At weekends F.F. and Fanny visit Alfred , who lives in a stilted house on the banks of the Seine. Jarry’s into bicycling: “Just hold the bars and pedal with your feet now Félix. Point them straight! Straight! Félix!”

One Sunday afternoon the women set up a croquet game on the lawn and the men row out to fish for carp. “No detonators now, eh Félix. Give the little sods a sporting chance.” In a pool they see a round, black mass too large to be a fish; an oildrum maybe. Pushing back the reeds they ease the boat towards it and find the body of a drowned man, bloated, the face half decomposed.

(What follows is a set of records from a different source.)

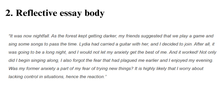Here is an example of a reflective essay body paragraph: "It was now nightfall. As the forest kept getting darker, my friends suggested that we play a game and sing some songs to pass the time. Lydia had carried a guitar with her, and I decided to join. After all, it was going to be a long night, and I would not let my anxiety get the best of me. And it worked. Not only did I begin singing along, I also forgot the fear that had plagued me earlier and enjoyed my evening. Was my former anxiety a part of my fear of trying new things? It is highly likely that I worry about lacking control in situations, hence the reaction."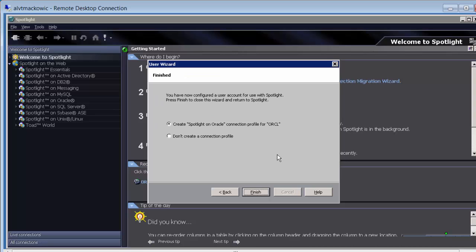Once the user is created, Spotlight is going to ask you if you want to create new connection automatically. Alternatively, you can use the connection button on top left to get to the same place. We are going to use the default option.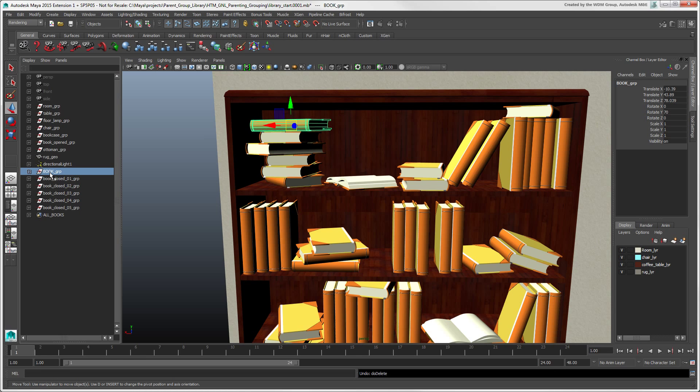In the next video, we'll look at organizing your Maya scene elements with sets and layers.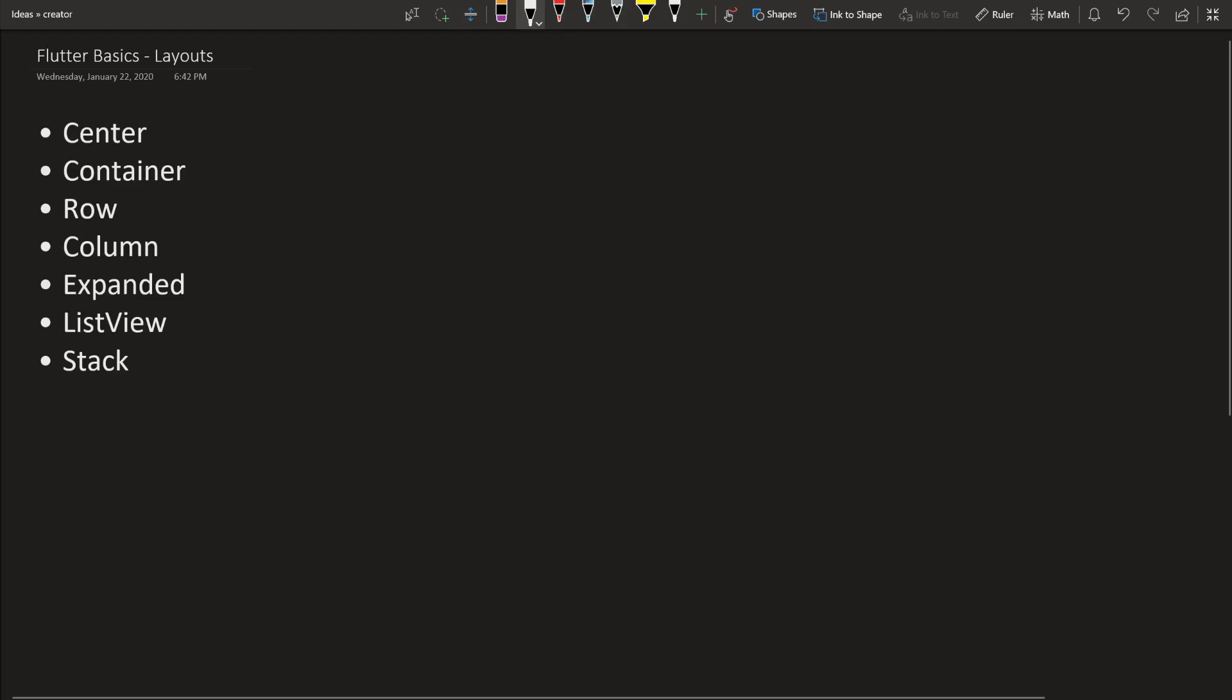Today we're going to cover basic layouts in Flutter. These are the main ones we're going to cover. There might be some other ones that show up in the code, but that's what we're going to go with for now. I'm going to go over each one a little bit on OneNote, and then we can get into the actual code of it later.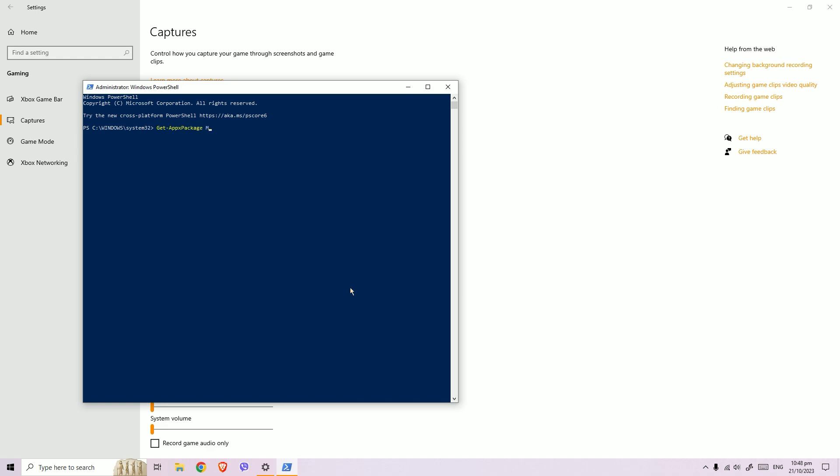microsoft.xboxgamingoverlay (no space), then press Alt+Shift and press backward slash, then type Remove-AppXPackage. Then click enter.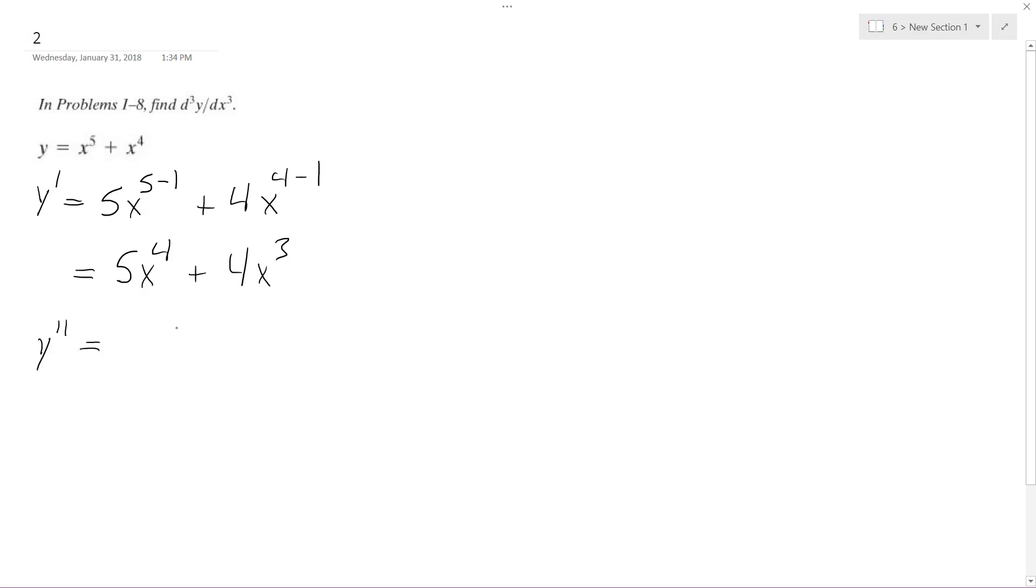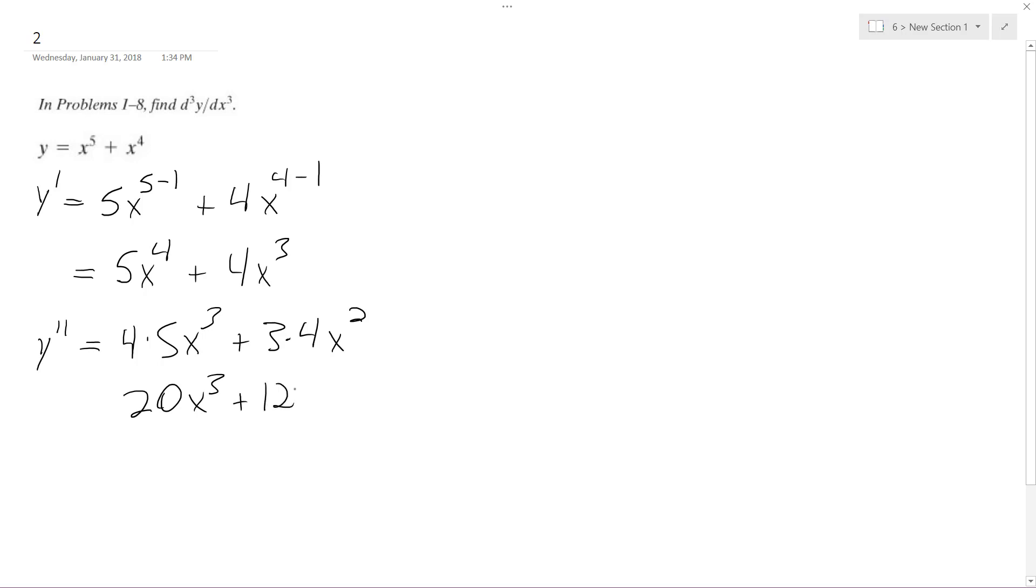So y double prime is going to be equal to 4 times 5x to the third plus 3 times 4x to the second. I'm just subtracting it already. So what I get is 20x to the third plus 12x to the second.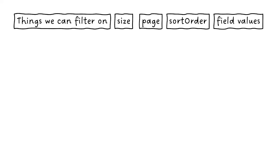But then finally, we should be able to filter on individual fields so that we can get the records back that we want.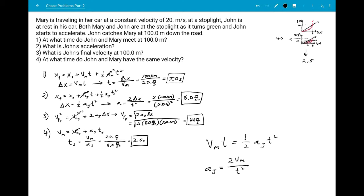From the graphs and basic kinematic equations, you can get a feel for where these chase problems go. I hope this was helpful. Keep practicing physics — pause this video, do it again, give it a shot, and don't give up.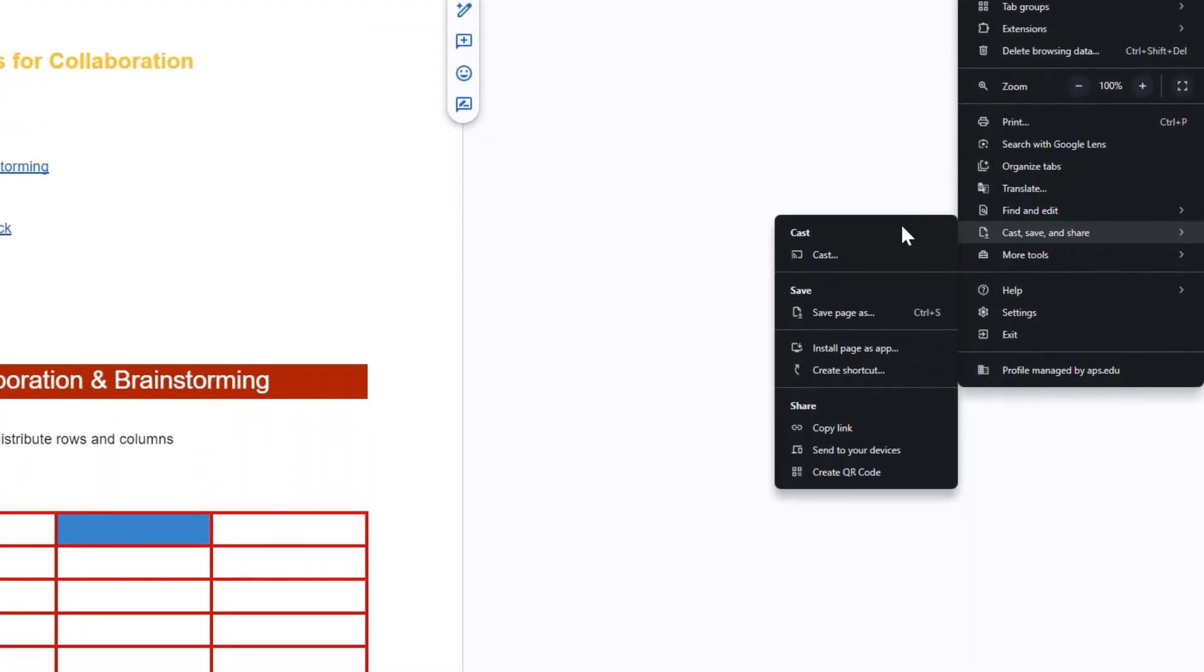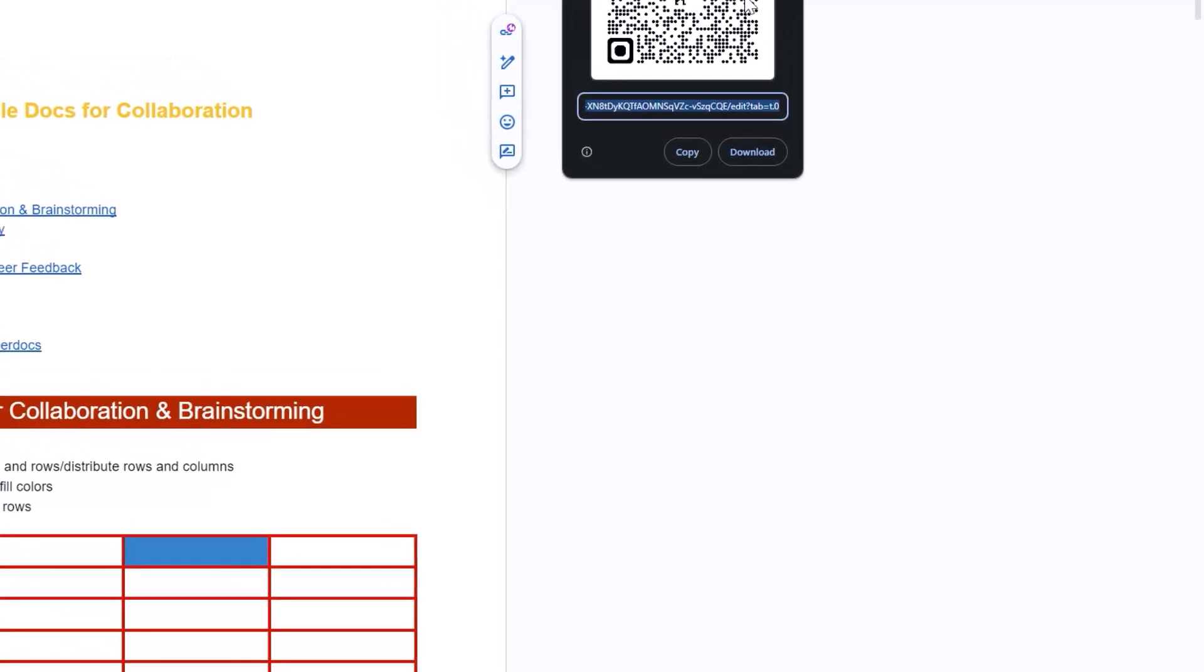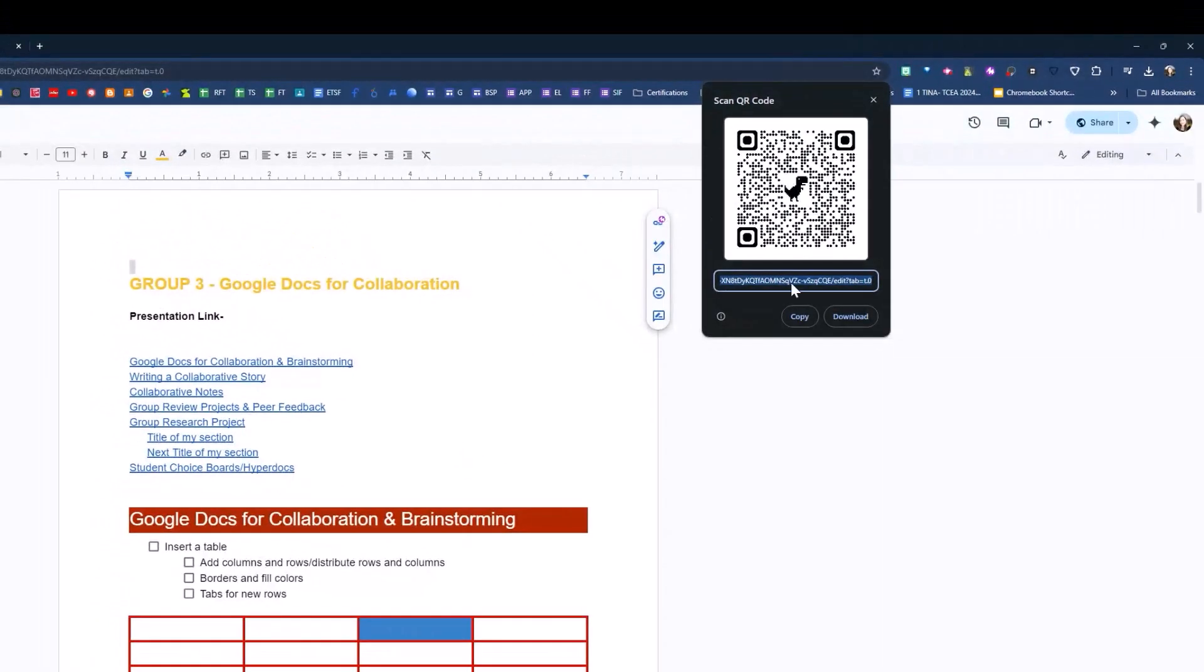Within that Cast, Save, and Share menu, you're going to notice the ability to create a QR code. When I click on that QR code, it's going to create a new code up on the screen.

In the evening, after the police have left and the women have gone to bed, the two men sit on the verandah drinking wine while moths and mosquitoes swarm around the oil lamp. They sit in silence, looking out across the river. After a while F.F. says: “That’s what death is, Alfred.”

“What’s what death is?”

“A black lake, like that, where you get lost.”

In the grey morning, lamps are still lit along the Quai d’Ivry. In front of the wooden shacks the cranes stand stiff-jointed and crooked, like insects reared up in the throes of some death agony. Smoke is drifting from the funnels of the barges moored side by side, three deep in places, moving off the river with the clearing mist.

The German guns could be heard from yesterday, then they stopped and loudspeakers were set up in the streets. The Germans told the citizens to stay indoors and offer no resistance when they marched in, an event anticipated for some time around noon today, February 8th, 1940.

F.F. is dying of cancer, slowly, painfully.

Throughout the night the dockers have been loading a barge with documents: the Paris police files 1890-1940, over a million pages bound haphazardly with string and tape and stuffed into orange crates, banana boxes, clothes trunks. An hour ago the barge pulled out from the bank, then keeled over and sank until only the stern remained above water.

Papers are slowly floating up from the submerged hull now, lurking murkily an inch below the surface of the placid river. As the texts blot and run the papers darken, like photographs of night, the final night, developing.